Por desgracia, en todo este asunto está muy presente el politiqueo, las burocracias y el clientelismo partidista, pero muy poco la libertad. Los transexuales tienen vía expedita para cambiarse de sexo del mismo modo que el resto de los mortales satisface sus fines cuando no parasitan al Estado: trabajando, ahorrando y pagando. El mercado sí puede proporcionar las operaciones que la gente necesita y está dispuesta a pagar: no existe ningún "fallo de mercado" que deba remedir el Estado. Lo que sobra son políticos, y lo que falta es esfuerzo personal.

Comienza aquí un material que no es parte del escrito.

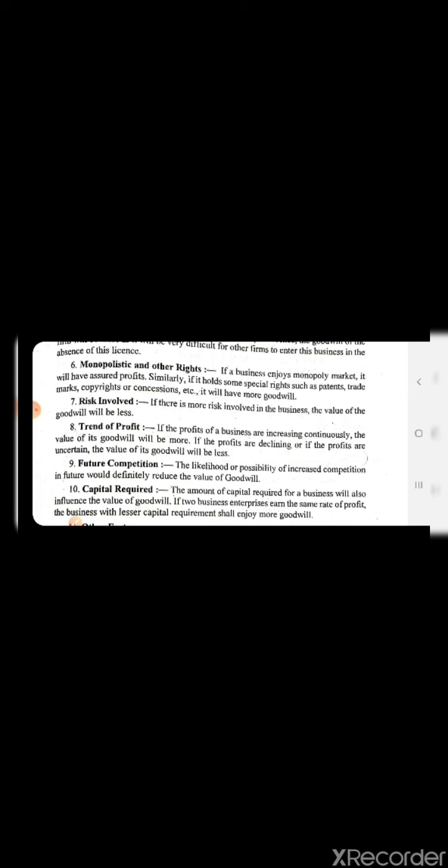Number 10 is capital required. The amount of capital required for a business will also influence the value of goodwill. If two business enterprises earn the same rate of profit, the business with lesser capital required will have more goodwill. For example, if one person invests 10 million and another invests 15 million but both earn the same profit of 10 million, then the person with less capital has more goodwill.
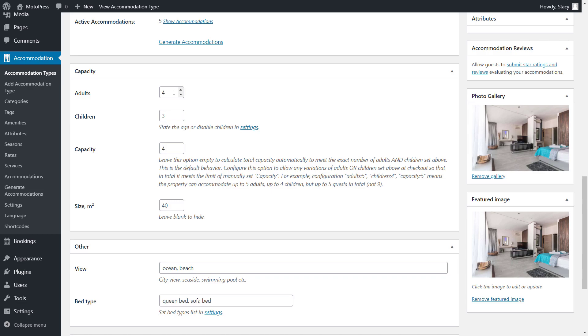Note that the minimum number of adults is always 1. It is not possible to book a property for only children.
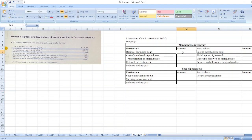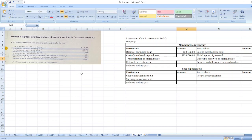First, we take the Merchandise Inventory balance at the beginning of the year, which is $33,106. Then we have the cost of merchandise purchased: $233,746. After that, transportation-in on purchases is $2,337. Then return cost of merchandise returned by customers and restored to inventory is $2,150.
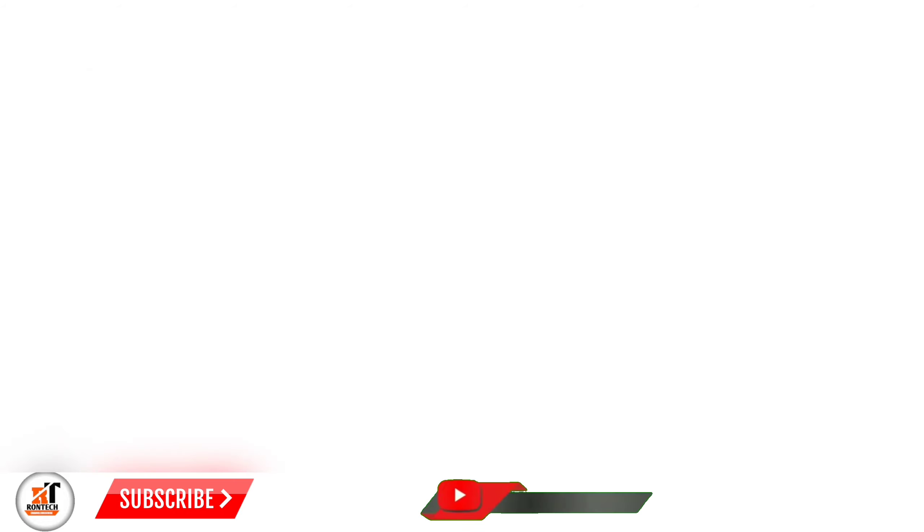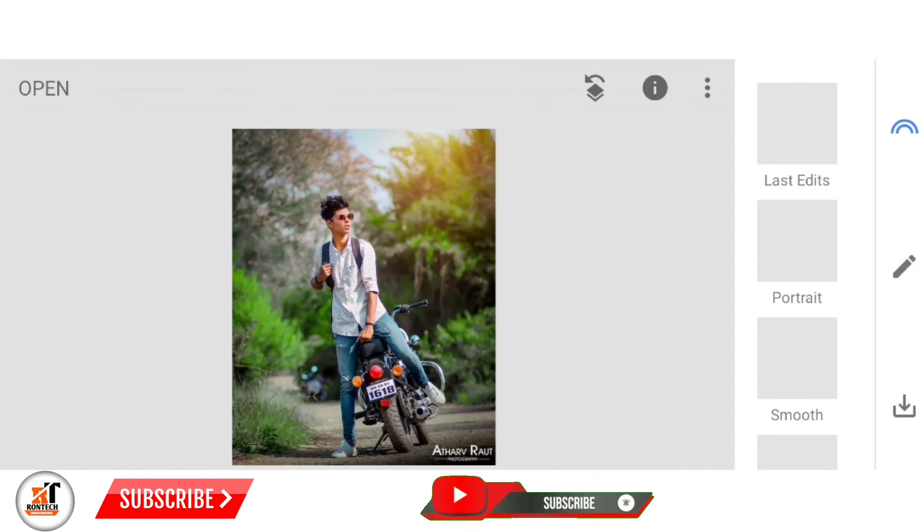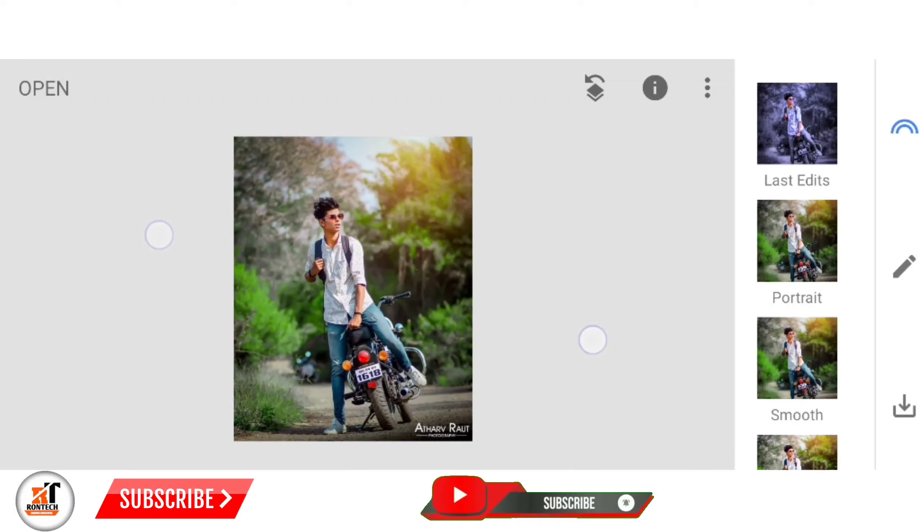Hey there, subscribe to my channel, and also press this bell icon.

Si los beneficios del cambio de sexo son puramente individuales, ¿por qué el coste de ese cambio debe provenir del trabajo y el ahorro ajenos? ¿Alguien ha preguntado a cada contribuyente por todos los fines que han dejado y siguen dejando de realizar como consecuencia del atraco fiscal? ¿Qué sentido tiene afirmar que la necesidad de cambiar de sexo resulta prioritaria sobre cualquier otra, hasta el punto de promoverla y obstaculizar las demás? ¿También se trata de un asunto urgente y fundamental para aquellos que no quieren cambiarse de sexo y que sin embargo están obligados a pagar?
Si los políticos quieren ser misericordiosos con ciertas personas, nadie les impide serlo; pero que lo paguen de sus bolsillos. Ser generoso con el dinero ajeno resulta tremendamente sencillo e hipócrita. Estamos ante un cochambroso pasteleo electoralista entre una parte del Estado y ciertos chupasangres bien colocados. Como siempre, el contribuyente paga la factura de esta desenfrenada orgía de votos y privilegios.